Directions:
Please transcribe the entries below exactly and leave out every picture.

Record excerpts:

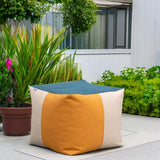 Big Joe Square Ottoman Weatherproof Bean Bag Footrest, Sunset Block Intertwist, Weather Resistant UV-Protected Fabric, 2 feet Big Joe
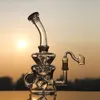 Gorgogliatore di vetro Fab Egg Bong per narghilè con matrice stereo Perc Recycler Dab Rig Pipa ad acqua per fumo spessa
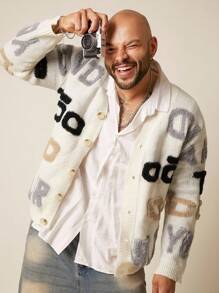 EASEVO Plus Size Men's Casual Letter Knitted Cardigan, Suitable For Autumn/Winter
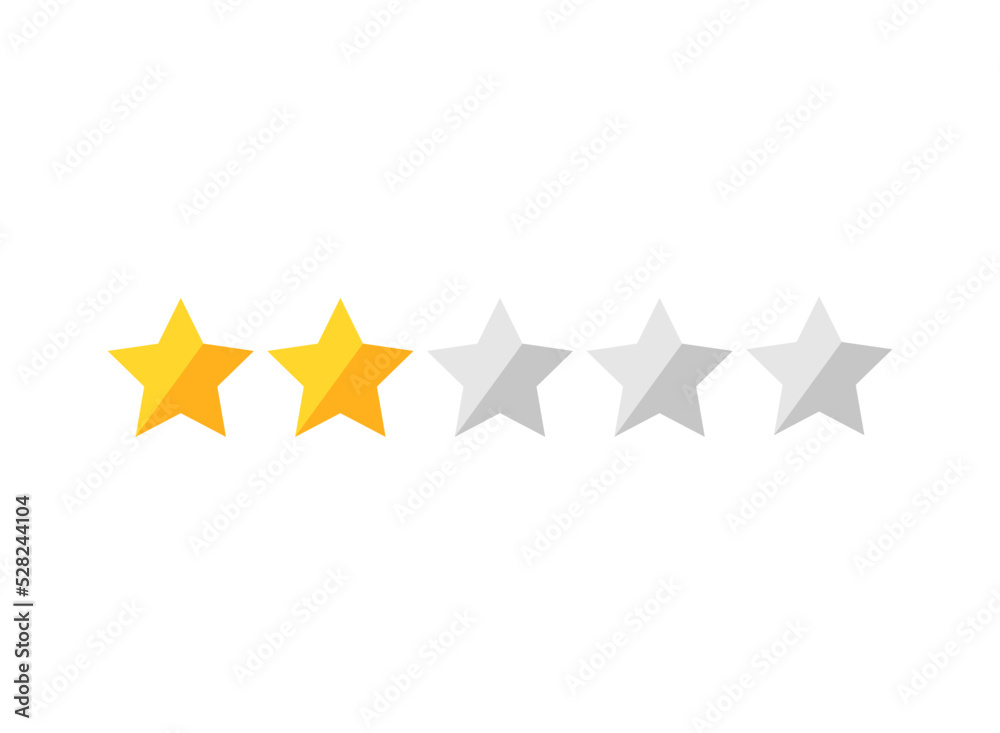 Two golden stars with three not active. Rating button. Customer product rating review icon. Vector illustration. Assessment for web sites and apps. Two golden stars with three not active. Rating button. Customer product rating review icon. Vector illustration. Assessment for web sites and apps.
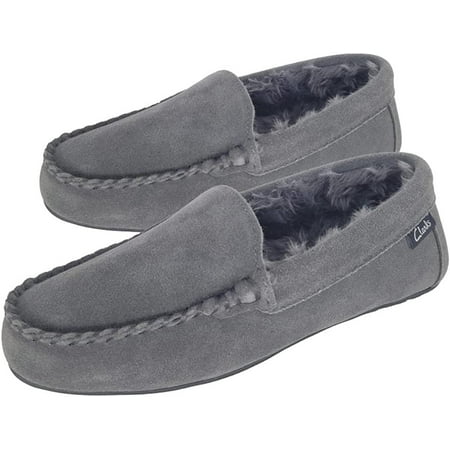 

Clarks Women s Venetian Moccasin Suede Indoor/Outdoor Faux Fur Lining Slippers (9 M US Gray)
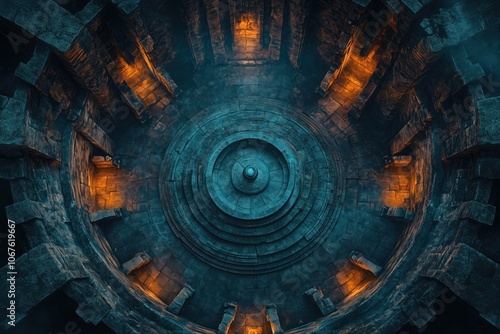 Dark Fantasy Dungeon Battlemap, Mysterious Ancient Temple Tabletop RPG Interior Room Map, Adventure Games and Roleplaying Encounters, Gaming Art Design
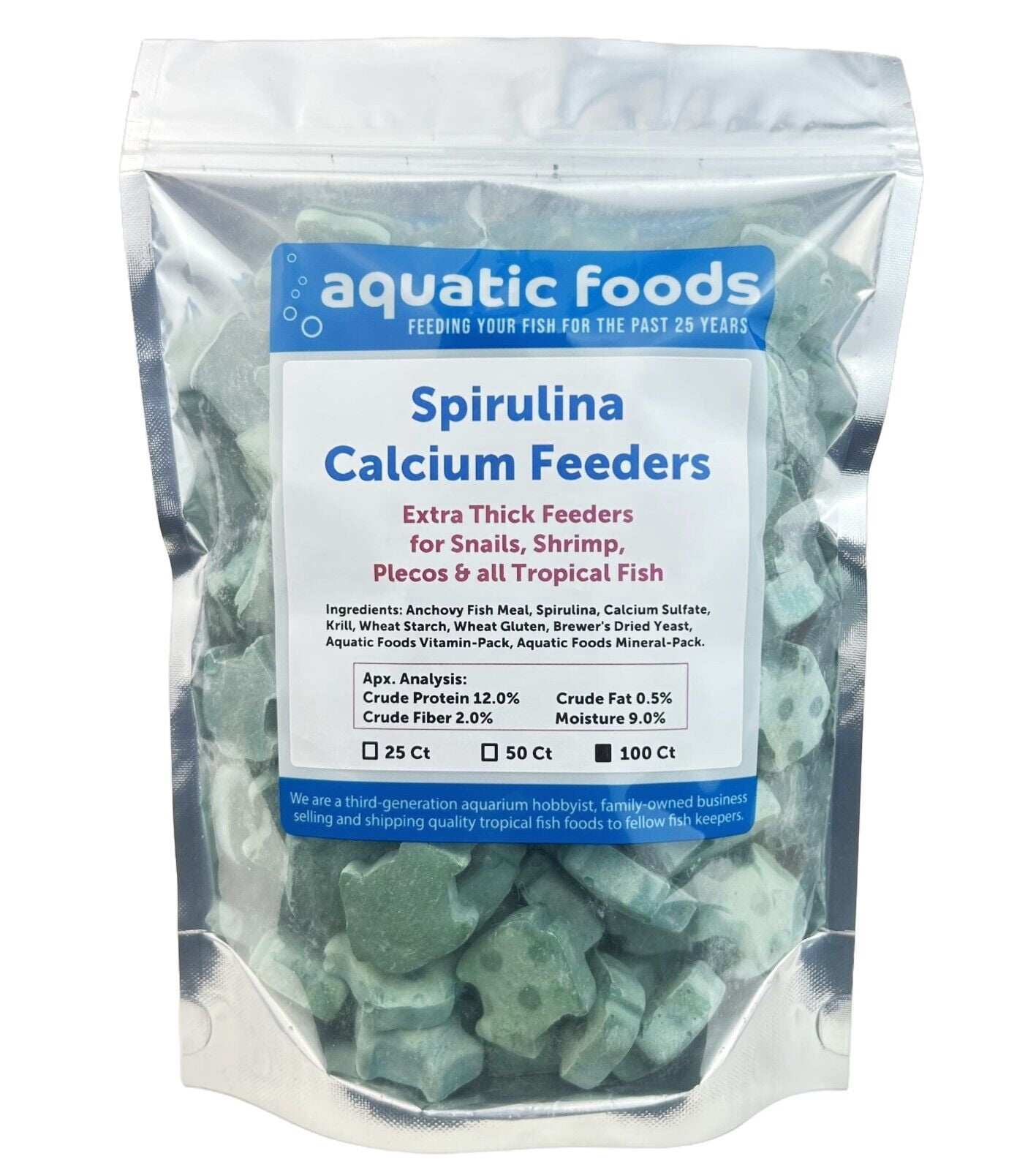 Aquatic Foods Inc. Spirulina Enriched Calcium Feeders for Shrimp, Snails, Crabs, Crayfish, Pleco, Catfish, All Tropical Fish…100 Count Bag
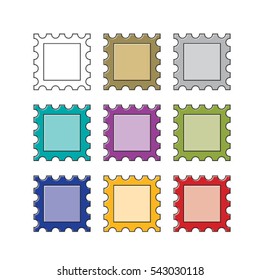 frame with stamp border in color-vector drawing
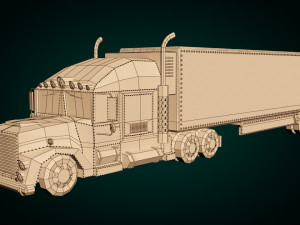 low poly cartoon christmas truck Modelo 3D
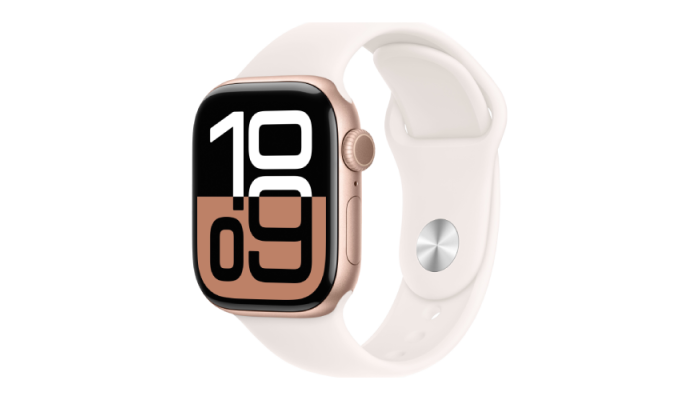 Apple Watch Series 10 GPS 42mm Rose Gold Aluminium Case with Light Blush Sport Band - S/M (MWWH3)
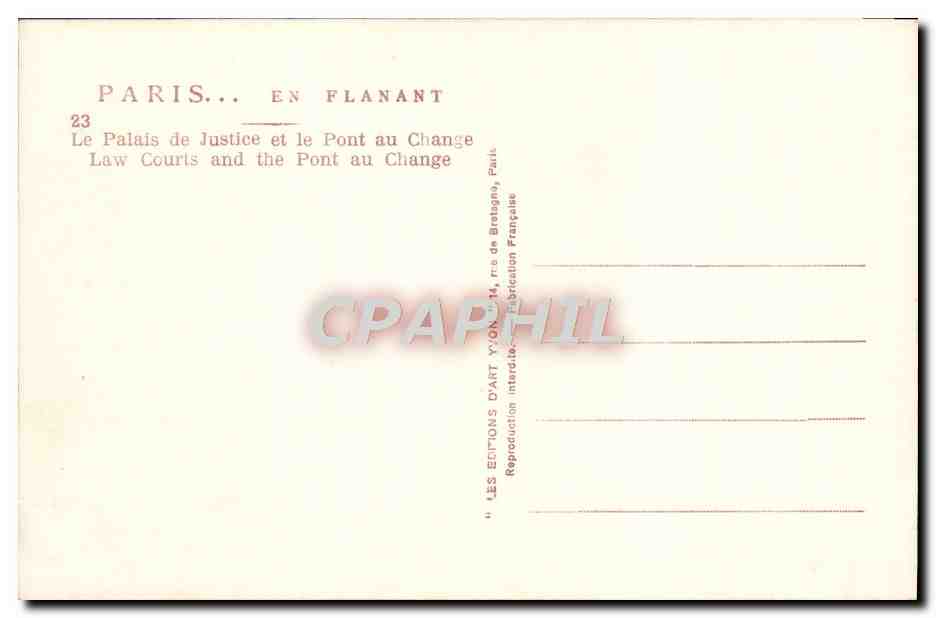 CPA Paris En Flanant Le Palais De Justice Et Le Pont Au Change — Rückseite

Solution to the problem:
 Big Joe Square Ottoman Weatherproof Bean Bag Footrest, Sunset Block Intertwist, Weather Resistant UV-Protected Fabric, 2 feet Big Joe
 Gorgogliatore di vetro Fab Egg Bong per narghilè con matrice stereo Perc Recycler Dab Rig Pipa ad acqua per fumo spessa
 EASEVO Plus Size Men's Casual Letter Knitted Cardigan, Suitable For Autumn/Winter
 Two golden stars with three not active. Rating button. Customer product rating review icon. Vector illustration. Assessment for web sites and apps. Two golden stars with three not active. Rating button. Customer product rating review icon. Vector illustration. Assessment for web sites and apps.

Clarks Women s Venetian Moccasin Suede Indoor/Outdoor Faux Fur Lining Slippers (9 M US Gray)
 Dark Fantasy Dungeon Battlemap, Mysterious Ancient Temple Tabletop RPG Interior Room Map, Adventure Games and Roleplaying Encounters, Gaming Art Design
 Aquatic Foods Inc. Spirulina Enriched Calcium Feeders for Shrimp, Snails, Crabs, Crayfish, Pleco, Catfish, All Tropical Fish…100 Count Bag
 frame with stamp border in color-vector drawing
 low poly cartoon christmas truck Modelo 3D
 Apple Watch Series 10 GPS 42mm Rose Gold Aluminium Case with Light Blush Sport Band - S/M (MWWH3)
 CPA Paris En Flanant Le Palais De Justice Et Le Pont Au Change — Rückseite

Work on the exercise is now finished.